I want for this day to be over with already. I’ve never equated being alone with being lonely before, probably because as an only child, I’ve always had a knack for entertaining myself with whatever happens to be on hand. But I have to say truly and honestly that there is no other lonelier day to spend a day alone than Christmas day. I did wake up late this afternoon feeling quite excited about a vivid dream I had just had and thought: “wouldn’t it be the best Christmas gift of all if this dream actually prompted me to write a novel??” But then when I switched on the voice memo application on my iPhone and started taking verbal notes, those dream sequences which had seemed so full of story potential just fizzled away into random incoherent sentences.

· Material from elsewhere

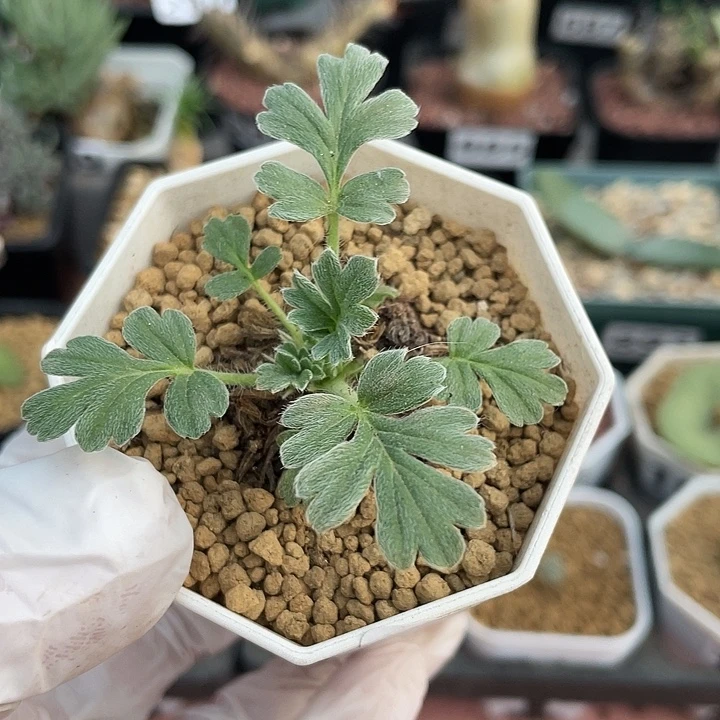 144粉白花杨葵块根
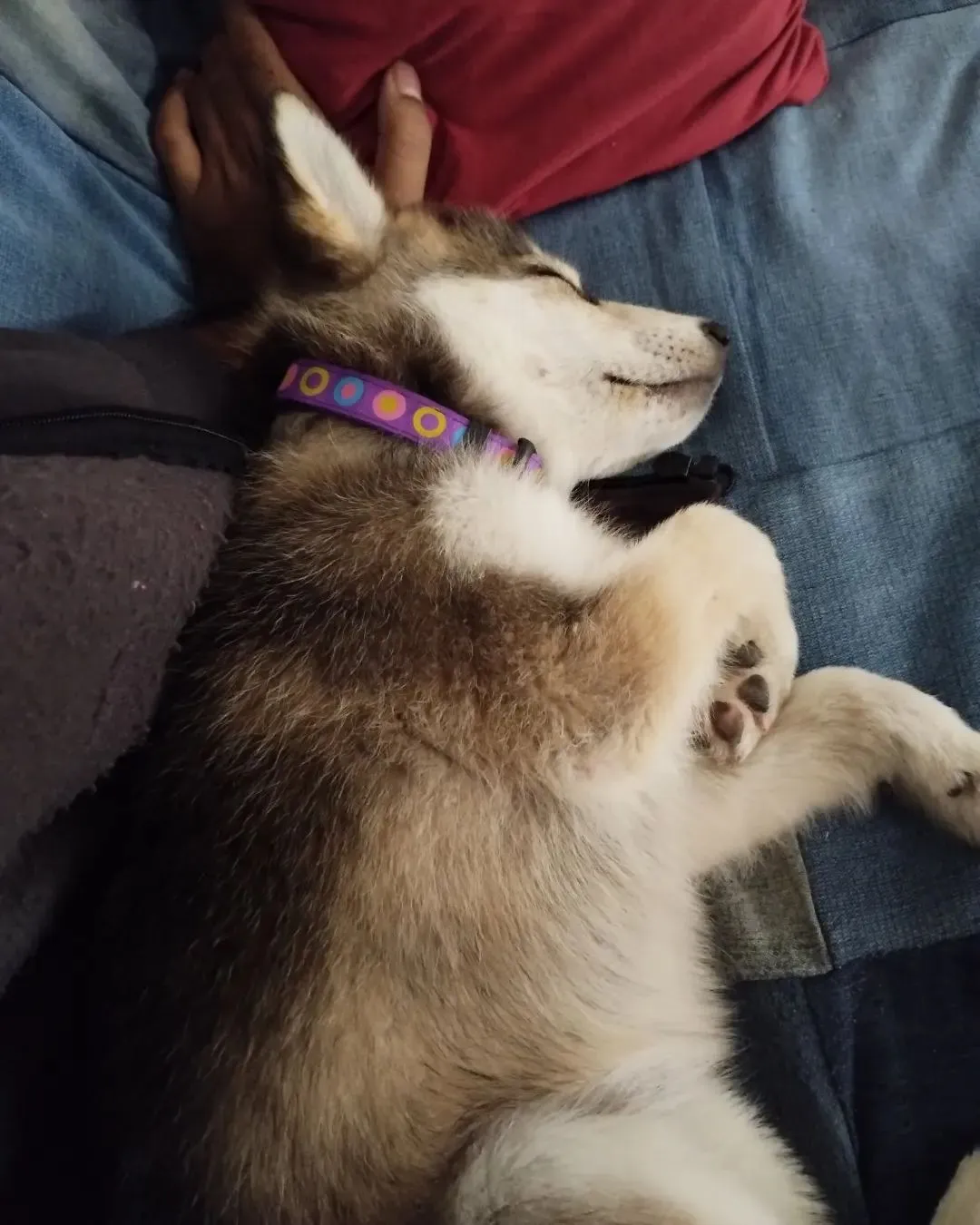 Pet picture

Eventually, I decided to surf around the net to distract myself from all the unpleasantness going on inside my head. For some unknown reason, I had a Wikipedia page about Chlöe Sevigny up on my web browser. I’ve seen her in the movie Boys Don’t Cry and in the HBO series Big Love, but other than that I can’t say I’m a fan of hers, or that I know anything much about her and her body of work. I’ve never quite understood why she acquired fashion icon status (though I do know she was one of the original icons of all things fuggly back in the early days of the very funny site Go Fug Yourself). Reading on out of sheer boredom and curiosity, I found out that she sparked controversy with her lead role in a 2004 movie called The Brown Bunny, which involved Sevigny performing unsimulated fellatio on co-star, writer, director and producer Vincent Gallo. After the film’s release at the 2003 Cannes Film Festival, the William Morris Agency dropped Sevigny as a client, one source stating: “The scene was one step above pornography, and not a very big one. William Morris now feels that her career is tainted and may never recover”. Ever the trouper, Sevigny went on record after the Cannes screening saying “It’s a shame people write so many things when they haven’t seen it. When you see the film, it makes more sense. It’s an art film. It should be playing in museums. It’s like an Andy Warhol movie.” I viewed the scene in question—all in the name of research of course—and I must admit that I couldn’t help but wonder what drug cocktail might have convinced Miss Sevigny that taking part in this project might be a good idea. That being said, I will not join the ranks of Sevigny-bashers based on that performance. Not today. Instead, I wish to thank Chlöe Sevigny for the fact that she still continues to make a living as an actress and a public figure, and to this day defends her performance in a project which would have been best left to die in Vincent Gallo’s mean little egomaniacal head.
Mistakes, we’ve all made a few. On this lonely Christmas day, I can always console myself with that fact that in this, I am far from being alone.